[Scraped caption text data]

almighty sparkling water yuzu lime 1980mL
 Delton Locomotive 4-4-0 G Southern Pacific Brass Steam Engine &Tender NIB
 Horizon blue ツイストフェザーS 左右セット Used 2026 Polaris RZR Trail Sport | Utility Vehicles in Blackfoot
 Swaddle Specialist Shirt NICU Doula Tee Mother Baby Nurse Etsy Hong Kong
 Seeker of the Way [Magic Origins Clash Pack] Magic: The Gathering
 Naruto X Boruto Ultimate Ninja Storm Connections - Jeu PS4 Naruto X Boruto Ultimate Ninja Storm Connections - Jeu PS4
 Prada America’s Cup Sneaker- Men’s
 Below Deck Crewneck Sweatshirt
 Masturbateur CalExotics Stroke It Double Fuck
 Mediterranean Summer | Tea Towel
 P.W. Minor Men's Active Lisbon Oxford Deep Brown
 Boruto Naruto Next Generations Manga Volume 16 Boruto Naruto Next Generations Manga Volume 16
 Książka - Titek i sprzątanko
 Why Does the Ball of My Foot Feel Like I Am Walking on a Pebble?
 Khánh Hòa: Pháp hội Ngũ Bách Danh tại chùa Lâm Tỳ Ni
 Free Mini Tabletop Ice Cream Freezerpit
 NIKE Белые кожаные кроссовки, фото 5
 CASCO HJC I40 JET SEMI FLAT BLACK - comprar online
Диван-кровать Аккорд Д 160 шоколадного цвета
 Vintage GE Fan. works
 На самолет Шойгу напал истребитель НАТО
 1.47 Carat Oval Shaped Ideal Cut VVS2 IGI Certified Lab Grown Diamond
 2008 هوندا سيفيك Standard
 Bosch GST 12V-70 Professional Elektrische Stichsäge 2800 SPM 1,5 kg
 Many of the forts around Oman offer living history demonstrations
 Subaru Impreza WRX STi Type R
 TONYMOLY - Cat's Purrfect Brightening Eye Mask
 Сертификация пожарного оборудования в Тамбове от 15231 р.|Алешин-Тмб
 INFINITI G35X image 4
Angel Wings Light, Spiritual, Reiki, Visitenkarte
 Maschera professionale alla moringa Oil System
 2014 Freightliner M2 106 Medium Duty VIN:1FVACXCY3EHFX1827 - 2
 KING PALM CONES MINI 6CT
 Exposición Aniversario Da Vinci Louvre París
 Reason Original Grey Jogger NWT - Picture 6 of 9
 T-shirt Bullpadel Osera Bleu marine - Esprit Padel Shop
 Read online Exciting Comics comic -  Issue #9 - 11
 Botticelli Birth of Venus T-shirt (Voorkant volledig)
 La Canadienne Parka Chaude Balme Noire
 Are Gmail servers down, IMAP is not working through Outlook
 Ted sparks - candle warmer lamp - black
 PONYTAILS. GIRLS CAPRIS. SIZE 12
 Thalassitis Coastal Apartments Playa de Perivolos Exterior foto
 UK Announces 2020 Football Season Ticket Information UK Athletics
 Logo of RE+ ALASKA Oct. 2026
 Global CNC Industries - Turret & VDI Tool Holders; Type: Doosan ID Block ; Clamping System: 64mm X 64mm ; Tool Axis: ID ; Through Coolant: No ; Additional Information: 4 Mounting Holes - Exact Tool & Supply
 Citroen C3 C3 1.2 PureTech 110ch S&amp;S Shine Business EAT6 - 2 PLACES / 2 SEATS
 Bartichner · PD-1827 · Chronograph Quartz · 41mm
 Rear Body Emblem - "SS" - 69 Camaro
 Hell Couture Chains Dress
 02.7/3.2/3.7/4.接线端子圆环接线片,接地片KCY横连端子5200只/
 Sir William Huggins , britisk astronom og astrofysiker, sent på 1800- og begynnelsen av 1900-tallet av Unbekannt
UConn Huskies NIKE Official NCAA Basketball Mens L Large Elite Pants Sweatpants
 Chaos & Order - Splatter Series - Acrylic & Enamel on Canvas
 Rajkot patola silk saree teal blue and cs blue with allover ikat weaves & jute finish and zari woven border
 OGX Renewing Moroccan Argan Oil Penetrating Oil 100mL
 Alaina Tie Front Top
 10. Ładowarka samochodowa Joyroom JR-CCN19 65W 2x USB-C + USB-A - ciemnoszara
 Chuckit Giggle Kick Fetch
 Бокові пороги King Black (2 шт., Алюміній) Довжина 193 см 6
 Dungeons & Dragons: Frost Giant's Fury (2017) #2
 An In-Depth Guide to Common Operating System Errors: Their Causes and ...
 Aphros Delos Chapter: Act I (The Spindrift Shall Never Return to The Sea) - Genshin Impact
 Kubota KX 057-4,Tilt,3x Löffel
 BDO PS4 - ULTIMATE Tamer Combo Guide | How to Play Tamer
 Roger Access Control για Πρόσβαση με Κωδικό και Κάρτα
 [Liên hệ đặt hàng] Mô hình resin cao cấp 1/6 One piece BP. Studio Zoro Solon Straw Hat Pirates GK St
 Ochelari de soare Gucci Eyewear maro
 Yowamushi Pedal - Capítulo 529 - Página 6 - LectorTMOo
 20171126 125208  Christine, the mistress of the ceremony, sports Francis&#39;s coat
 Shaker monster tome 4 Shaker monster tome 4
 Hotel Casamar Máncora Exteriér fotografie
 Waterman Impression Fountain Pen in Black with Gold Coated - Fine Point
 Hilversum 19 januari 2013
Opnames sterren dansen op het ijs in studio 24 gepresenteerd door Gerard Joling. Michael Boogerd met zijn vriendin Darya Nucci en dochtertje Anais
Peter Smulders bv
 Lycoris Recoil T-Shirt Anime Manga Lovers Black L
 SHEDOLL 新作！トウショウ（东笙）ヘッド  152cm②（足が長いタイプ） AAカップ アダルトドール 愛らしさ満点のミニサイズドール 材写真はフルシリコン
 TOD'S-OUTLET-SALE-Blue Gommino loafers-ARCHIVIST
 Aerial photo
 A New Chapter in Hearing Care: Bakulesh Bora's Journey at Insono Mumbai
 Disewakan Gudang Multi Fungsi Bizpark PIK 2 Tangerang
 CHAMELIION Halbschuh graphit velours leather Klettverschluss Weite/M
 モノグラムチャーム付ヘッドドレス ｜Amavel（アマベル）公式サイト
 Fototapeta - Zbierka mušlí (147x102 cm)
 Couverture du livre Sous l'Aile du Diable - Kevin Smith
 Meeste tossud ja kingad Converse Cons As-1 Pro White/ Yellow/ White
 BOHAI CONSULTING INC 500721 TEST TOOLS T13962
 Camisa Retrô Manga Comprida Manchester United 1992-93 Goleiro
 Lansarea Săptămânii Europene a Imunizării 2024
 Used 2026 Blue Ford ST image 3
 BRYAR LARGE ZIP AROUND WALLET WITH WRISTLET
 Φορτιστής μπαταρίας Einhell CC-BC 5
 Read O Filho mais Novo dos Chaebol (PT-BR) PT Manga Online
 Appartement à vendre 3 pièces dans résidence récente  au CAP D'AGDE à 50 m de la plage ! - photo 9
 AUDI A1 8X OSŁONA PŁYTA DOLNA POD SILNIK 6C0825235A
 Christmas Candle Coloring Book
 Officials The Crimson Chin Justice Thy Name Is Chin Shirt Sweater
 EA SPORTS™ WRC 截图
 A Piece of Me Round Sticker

> **Problem to work on**
Taking the entries above, restate exactly those lines that fall between the line with "sports Francis&#39;s coat" and the line with "Peter Smulders bv", keeping both of those lines too.

> **Your solution**
 20171126 125208  Christine, the mistress of the ceremony, sports Francis&#39;s coat
 Shaker monster tome 4 Shaker monster tome 4
 Hotel Casamar Máncora Exteriér fotografie
 Waterman Impression Fountain Pen in Black with Gold Coated - Fine Point
 Hilversum 19 januari 2013
Opnames sterren dansen op het ijs in studio 24 gepresenteerd door Gerard Joling. Michael Boogerd met zijn vriendin Darya Nucci en dochtertje Anais
Peter Smulders bv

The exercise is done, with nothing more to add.